=== Excerpted data ===

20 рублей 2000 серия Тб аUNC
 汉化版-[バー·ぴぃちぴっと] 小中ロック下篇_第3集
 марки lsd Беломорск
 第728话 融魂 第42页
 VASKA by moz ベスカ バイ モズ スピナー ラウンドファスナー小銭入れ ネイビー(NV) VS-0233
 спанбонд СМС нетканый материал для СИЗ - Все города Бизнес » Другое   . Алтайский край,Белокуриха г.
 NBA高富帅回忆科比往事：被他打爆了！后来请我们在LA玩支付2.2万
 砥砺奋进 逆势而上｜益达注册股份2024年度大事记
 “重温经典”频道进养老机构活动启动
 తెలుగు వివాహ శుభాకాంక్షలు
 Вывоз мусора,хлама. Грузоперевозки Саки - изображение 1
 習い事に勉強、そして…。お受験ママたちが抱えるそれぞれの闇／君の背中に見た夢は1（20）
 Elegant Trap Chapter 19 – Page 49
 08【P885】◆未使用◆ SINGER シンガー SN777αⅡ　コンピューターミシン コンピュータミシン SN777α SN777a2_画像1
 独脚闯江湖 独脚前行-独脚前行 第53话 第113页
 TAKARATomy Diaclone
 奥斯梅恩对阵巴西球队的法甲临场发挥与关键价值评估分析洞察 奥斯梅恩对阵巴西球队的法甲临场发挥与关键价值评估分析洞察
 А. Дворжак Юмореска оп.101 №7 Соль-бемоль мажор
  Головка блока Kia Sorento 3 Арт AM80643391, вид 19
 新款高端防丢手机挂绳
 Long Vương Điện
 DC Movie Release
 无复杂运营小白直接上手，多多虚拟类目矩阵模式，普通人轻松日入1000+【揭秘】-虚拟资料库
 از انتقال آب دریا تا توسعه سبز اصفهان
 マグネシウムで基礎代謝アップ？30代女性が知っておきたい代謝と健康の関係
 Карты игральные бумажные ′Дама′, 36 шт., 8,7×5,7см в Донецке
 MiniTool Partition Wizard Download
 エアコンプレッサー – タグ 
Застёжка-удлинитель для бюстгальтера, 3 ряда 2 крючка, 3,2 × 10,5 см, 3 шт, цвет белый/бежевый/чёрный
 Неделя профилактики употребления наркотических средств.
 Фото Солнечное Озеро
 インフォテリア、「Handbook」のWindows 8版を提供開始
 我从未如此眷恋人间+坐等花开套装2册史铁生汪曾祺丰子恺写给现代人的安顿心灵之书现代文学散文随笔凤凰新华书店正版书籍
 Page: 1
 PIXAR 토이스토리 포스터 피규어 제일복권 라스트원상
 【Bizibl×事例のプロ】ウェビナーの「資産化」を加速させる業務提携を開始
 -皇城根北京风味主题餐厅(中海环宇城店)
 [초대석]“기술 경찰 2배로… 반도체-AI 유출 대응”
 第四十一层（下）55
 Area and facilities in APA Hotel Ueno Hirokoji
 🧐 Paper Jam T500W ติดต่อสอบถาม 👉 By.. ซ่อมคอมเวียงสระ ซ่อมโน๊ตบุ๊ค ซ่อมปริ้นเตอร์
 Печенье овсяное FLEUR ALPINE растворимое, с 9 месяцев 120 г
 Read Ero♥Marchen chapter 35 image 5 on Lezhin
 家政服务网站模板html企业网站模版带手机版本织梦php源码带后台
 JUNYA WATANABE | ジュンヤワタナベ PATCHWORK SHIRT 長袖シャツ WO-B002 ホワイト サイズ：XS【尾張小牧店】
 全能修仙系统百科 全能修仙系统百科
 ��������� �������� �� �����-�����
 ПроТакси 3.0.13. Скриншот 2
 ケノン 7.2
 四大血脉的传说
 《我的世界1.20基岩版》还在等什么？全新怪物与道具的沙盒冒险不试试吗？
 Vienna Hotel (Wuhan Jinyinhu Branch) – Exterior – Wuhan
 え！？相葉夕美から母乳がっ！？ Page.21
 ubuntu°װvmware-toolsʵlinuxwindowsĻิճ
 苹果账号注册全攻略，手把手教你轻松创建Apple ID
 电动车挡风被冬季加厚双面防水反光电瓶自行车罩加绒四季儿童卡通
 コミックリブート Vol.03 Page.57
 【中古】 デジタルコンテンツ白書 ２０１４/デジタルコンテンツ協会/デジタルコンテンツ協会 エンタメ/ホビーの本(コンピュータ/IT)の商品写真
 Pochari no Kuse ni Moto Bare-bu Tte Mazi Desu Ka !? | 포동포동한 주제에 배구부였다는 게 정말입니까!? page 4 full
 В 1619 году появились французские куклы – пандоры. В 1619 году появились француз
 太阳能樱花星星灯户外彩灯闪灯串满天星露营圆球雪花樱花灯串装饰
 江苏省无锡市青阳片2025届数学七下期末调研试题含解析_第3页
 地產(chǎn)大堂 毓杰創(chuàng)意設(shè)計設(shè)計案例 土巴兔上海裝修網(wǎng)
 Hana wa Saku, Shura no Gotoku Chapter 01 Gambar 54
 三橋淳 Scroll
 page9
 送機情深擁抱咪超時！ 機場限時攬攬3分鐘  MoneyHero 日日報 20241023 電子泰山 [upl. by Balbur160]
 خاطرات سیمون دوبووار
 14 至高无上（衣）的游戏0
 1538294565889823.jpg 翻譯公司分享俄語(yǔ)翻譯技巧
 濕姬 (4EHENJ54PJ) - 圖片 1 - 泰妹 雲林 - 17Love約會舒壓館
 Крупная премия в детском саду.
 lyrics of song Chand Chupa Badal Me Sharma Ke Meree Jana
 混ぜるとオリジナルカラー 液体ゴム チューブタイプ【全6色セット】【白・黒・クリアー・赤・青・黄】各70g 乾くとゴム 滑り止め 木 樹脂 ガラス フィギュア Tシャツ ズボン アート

===

→ **Problem requirements**
All lines above from the one containing "習い事に勉強、そして…。お受" to the one containing "DC Movie Release" must be repeated exactly, both lines included, and no others.

→ **Reply**
 習い事に勉強、そして…。お受験ママたちが抱えるそれぞれの闇／君の背中に見た夢は1（20）
 Elegant Trap Chapter 19 – Page 49
 08【P885】◆未使用◆ SINGER シンガー SN777αⅡ　コンピューターミシン コンピュータミシン SN777α SN777a2_画像1
 独脚闯江湖 独脚前行-独脚前行 第53话 第113页
 TAKARATomy Diaclone
 奥斯梅恩对阵巴西球队的法甲临场发挥与关键价值评估分析洞察 奥斯梅恩对阵巴西球队的法甲临场发挥与关键价值评估分析洞察
 А. Дворжак Юмореска оп.101 №7 Соль-бемоль мажор
  Головка блока Kia Sorento 3 Арт AM80643391, вид 19
 新款高端防丢手机挂绳
 Long Vương Điện
 DC Movie Release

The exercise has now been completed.